Il en résulte que cette clause ne fait pas naître deux dettes distinctes de la CFHRCL portant l’une sur la restitution des sommes fournies et la seconde sur la quote-part proportionnelle du prix de vente mais met uniquement à la charge de la CFHRCL en cas de revente, l’obligation de payer à chaque participant sa quote-part, cette clause devant en tout état de cause s’interpréter en faveur de la débitrice.
La demande de l’UMIH 27 à ce titre sera donc rejetée.

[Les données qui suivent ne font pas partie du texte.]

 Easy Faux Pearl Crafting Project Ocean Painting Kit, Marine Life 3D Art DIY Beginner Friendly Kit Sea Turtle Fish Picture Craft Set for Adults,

Sur la demande de dommages et intérêts pour résistance abusive
S’il résulte des motifs ci-dessus que l’UMIH a abusivement refusé de verser à l’UMIH 27 les sommes qui lui étaient dues, en contestant le fait qu’elle venait bien aux droits de la CPIH 27, en dépit de l’ensemble des éléments de preuve irréfutables qui étaient apportés par l’UMIH 27, qu’elle a en outre, dans le cadre de la présente instance, soulevé un incident afin de tenter de se soustraire à ses obligations, l’UMIH 27 ne précise toutefois pas en quoi consiste le préjudice dont elle fait état « dans le cadre de son fonctionnement » et qui résulterait de la résistance abusive de l’UMIH.
Le tribunal ne peut donc faire droit à la demande de dommages et intérêts de l’UMIH 27, en l’absence de tout élément permettant de caractériser l’existence d’un préjudice.

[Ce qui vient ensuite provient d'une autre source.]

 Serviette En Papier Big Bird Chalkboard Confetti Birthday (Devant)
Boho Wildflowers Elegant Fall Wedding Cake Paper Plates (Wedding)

Sur les demandes accessoires
L’UMIH, partie succombant à l’instance sera condamnée aux dépens.
Elle sera également condamnée payer à l’UMIH 27 la somme de 6 000 euros sur le fondement de l’article 700 du code de procédure civile.
Il y a enfin lieu de rappeler que le présent jugement est de droit exécutoire à titre provisoire.
PAR CES MOTIFS
Le tribunal, statuant publiquement par mise à disposition au greffe, par jugement contradictoire et en premier ressort
Condamne l’Union des Métiers et des Industries de l’Hôtellerie à payer à l’Union des Métiers et des Industries de l’Hôtellerie de l’Eure la somme de 24 420 euros au titre de sa quote-part du prix de vente des lots n°2 et 26 de l’immeuble situé [Adresse 4] [Localité 15], proportionnelle à sa participation à l’acquisition desdits lots, avec intérêts au taux légal,
Condamne l’Union des Métiers et des Industries de l’Hôtellerie à payer à l’Union des Métiers et des Industries de l’Hôtellerie de l’Eure la somme de 7 612,8 euros au titre de sa quote-part du prix de vente du lot n°23 de l’immeuble situé [Adresse 5] [Localité 1], proportionnelle à sa participation à l’acquisition dudit lot, avec intérêts au taux légal,
Ordonne la capitalisation des intérêts échus, dus au moins pour une année entière,
Rejette les demandes de l’Union des Métiers et des Industries de l’Hôtellerie de l’Eure tendant à condamner l’Union des Métiers et des Industries de l’Hôtellerie à lui payer les sommes suivantes :
— la somme de 2 286,74 euros en restitution des participations du Syndicat général de l’Industrie Hôtelière de l’Eure,
— la somme de 10 000 euros à titre de dommages et intérêts pour résistance abusive,
Condamne l’Union des Métiers et des Industries de l’Hôtellerie aux dépens,
Condamne l’Union des Métiers et des Industries de l’Hôtellerie à payer à l’Union des Métiers et des Industries de l’Hôtellerie de l’Eure, la somme de 6 000 euros sur le fondement de l’article 700 du code de procédure civile.